> [Aim of the exercise] If a record contains a picture, skip the picture and transcribe the rest exactly.

> [Given data]
%%

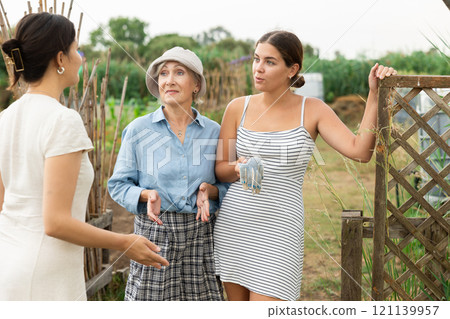 3 females talking at garden 121139957
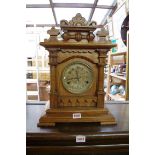 A 19th century American oak mantel clock, by 'Newhaven Clock Co', striking on gong, with pendulum,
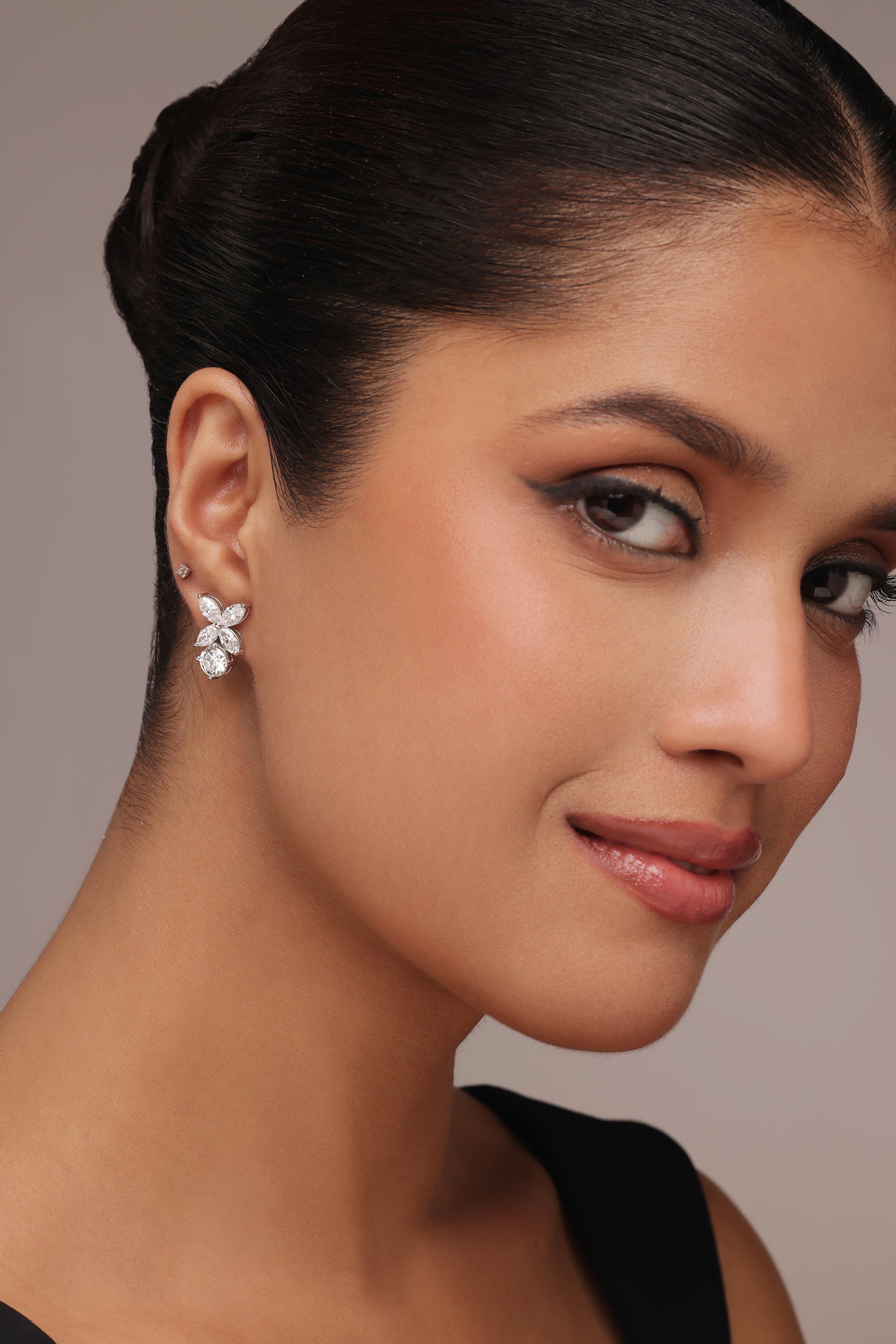 Close-up portrait of a woman wearing floral-cluster stud earrings with lab grown diamond in it, designed with a combination of pear, round, and marquise diamond shapes, in two different poses.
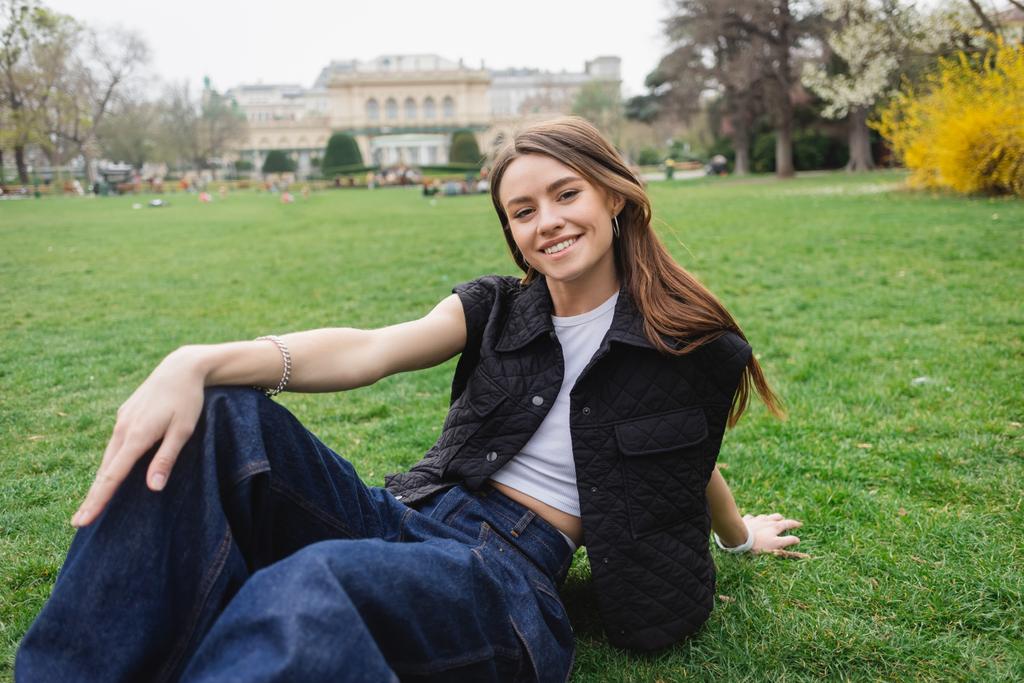 joyful young woman in sleeveless jacket sitting on lawn  - 写真・画像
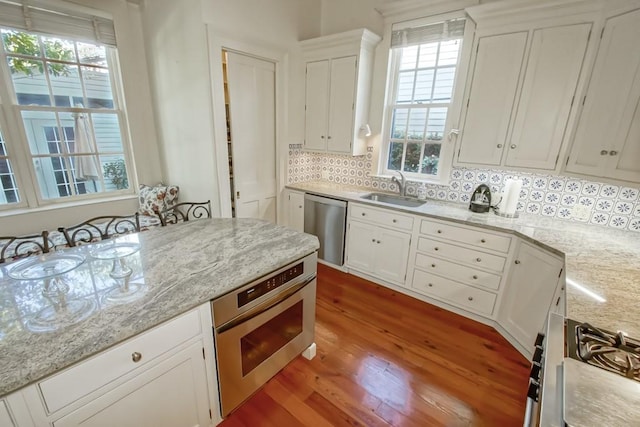 kitchen with sink, appliances with stainless steel finishes, white cabinetry, and backsplash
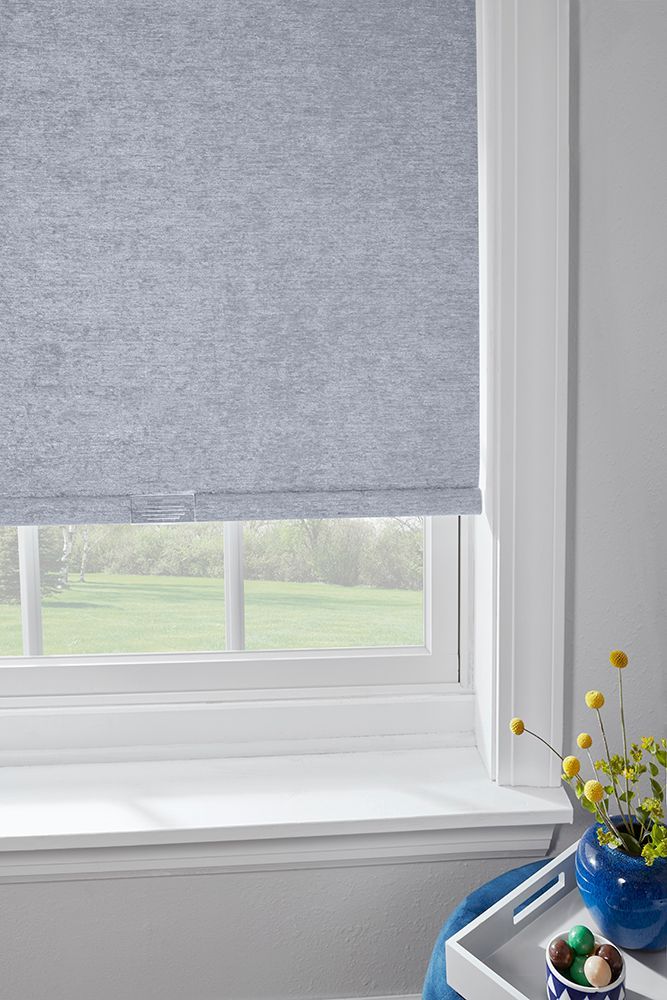 A window with a blue blind and a vase of flowers on the window sill.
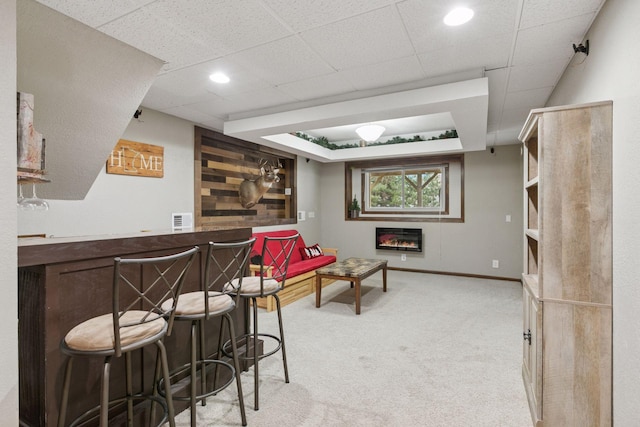 14921 Zeolite St NW, Ramsey, MN 55303 - bar with visible vents, baseboards, a glass covered fireplace, a dry bar, and light carpet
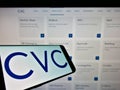 Smartphone with logo of private equity company CVC Capital Partners on screen in front of business website.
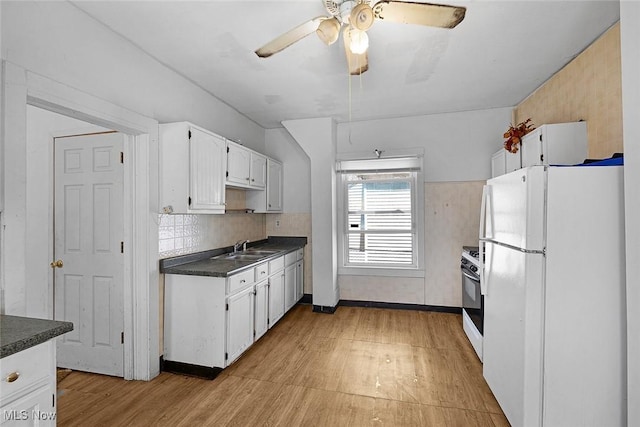 kitchen with white cabinets, a sink, dark countertops, white appliances, and ceiling fan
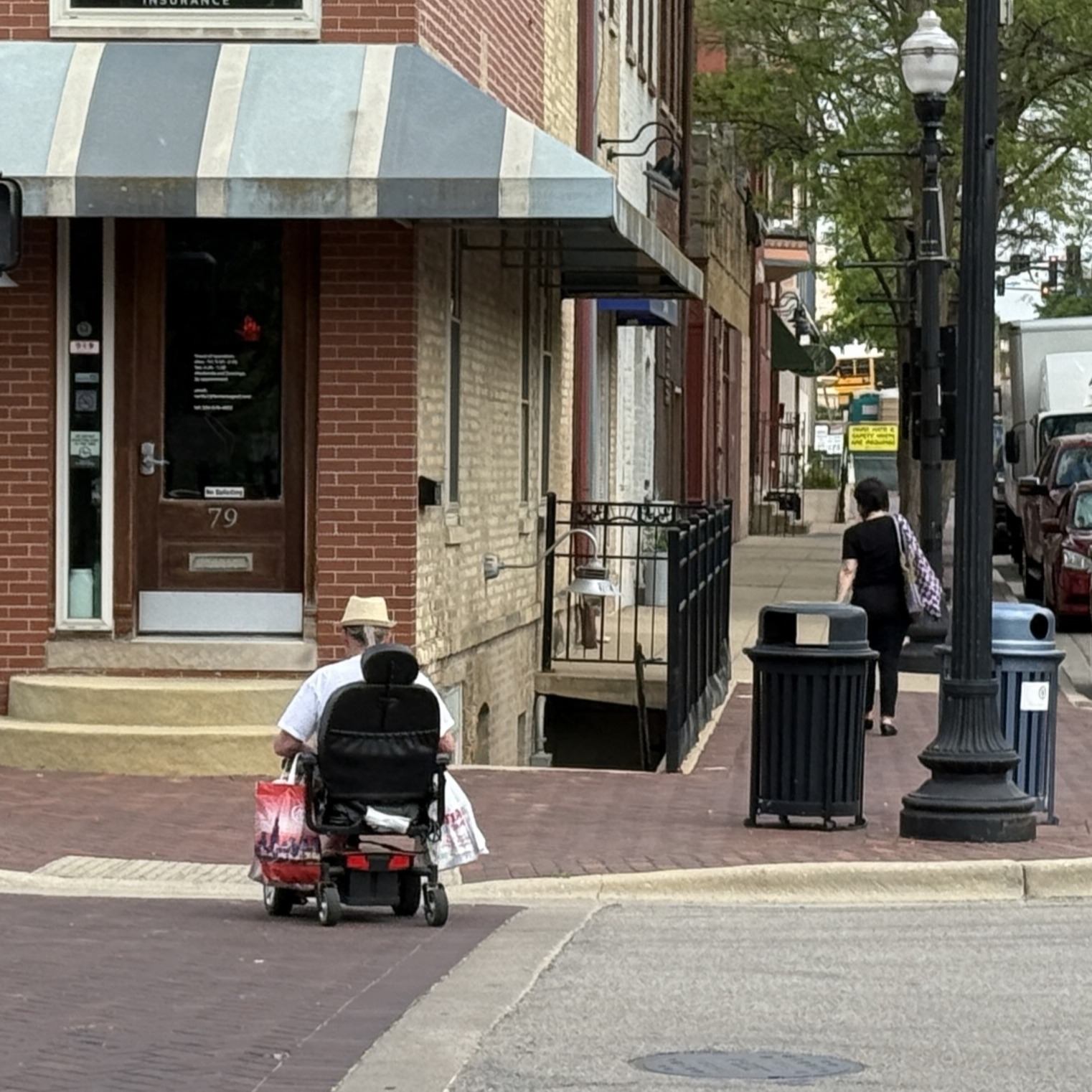 A person in a wheelchair approaching a curb ramp from a crosswalk in downtown Elgin. 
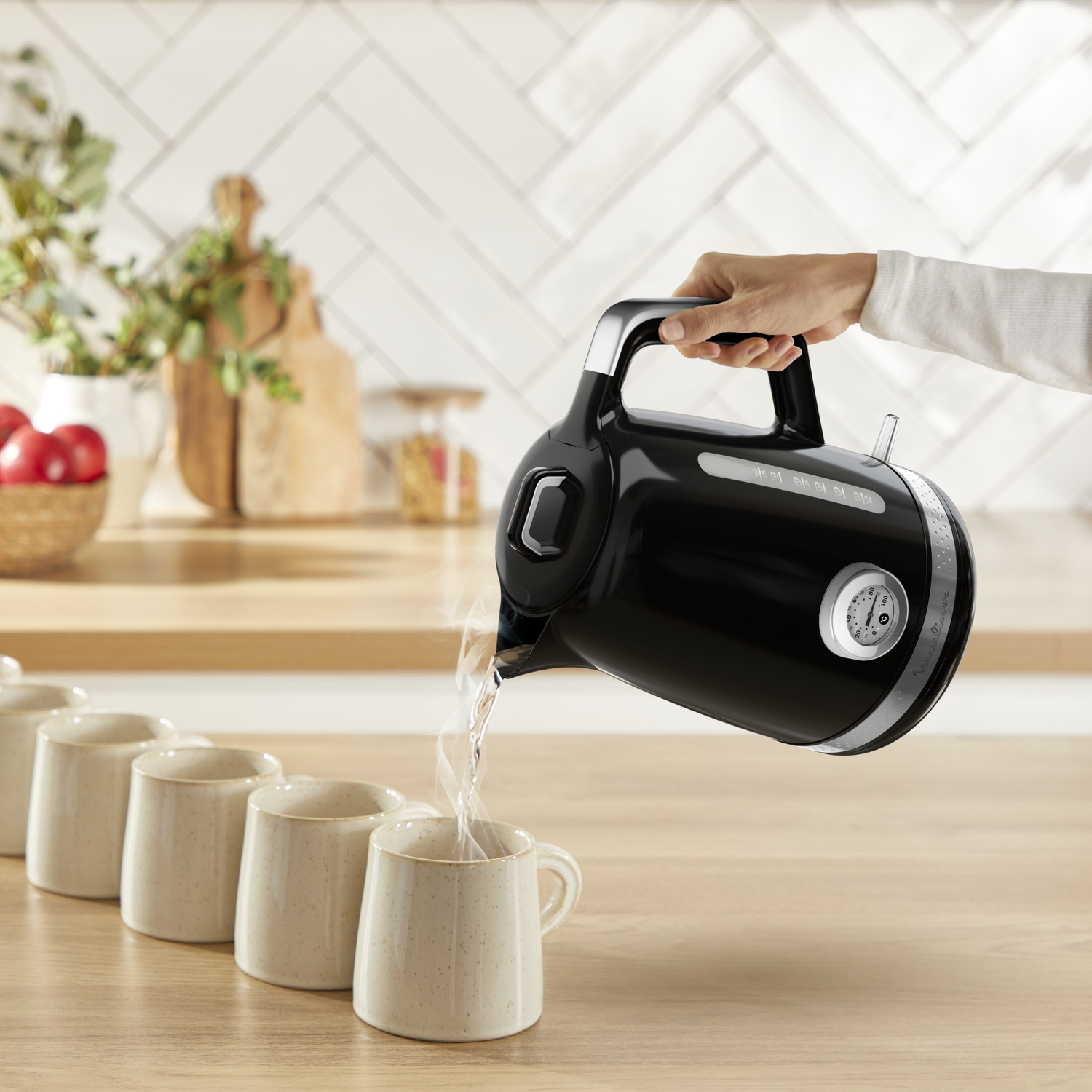 Une bouilloire noire verse de l'eau chaude dans une tasse. D'autres tasses sont alignées sur une surface en bois.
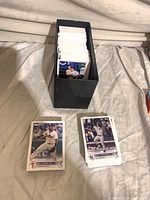 Topps baseball trading cards in black storage box with additional stack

%%

> [Reply]
 3 females talking at garden 121139957
 A 19th century American oak mantel clock, by 'Newhaven Clock Co', striking on gong, with pendulum,
 Close-up portrait of a woman wearing floral-cluster stud earrings with lab grown diamond in it, designed with a combination of pear, round, and marquise diamond shapes, in two different poses.
 joyful young woman in sleeveless jacket sitting on lawn  - 写真・画像
 kitchen with sink, appliances with stainless steel finishes, white cabinetry, and backsplash
 A window with a blue blind and a vase of flowers on the window sill.
 14921 Zeolite St NW, Ramsey, MN 55303 - bar with visible vents, baseboards, a glass covered fireplace, a dry bar, and light carpet
 Smartphone with logo of private equity company CVC Capital Partners on screen in front of business website.
 kitchen with white cabinets, a sink, dark countertops, white appliances, and ceiling fan
 A person in a wheelchair approaching a curb ramp from a crosswalk in downtown Elgin. 
 Une bouilloire noire verse de l'eau chaude dans une tasse. D'autres tasses sont alignées sur une surface en bois.
 Topps baseball trading cards in black storage box with additional stack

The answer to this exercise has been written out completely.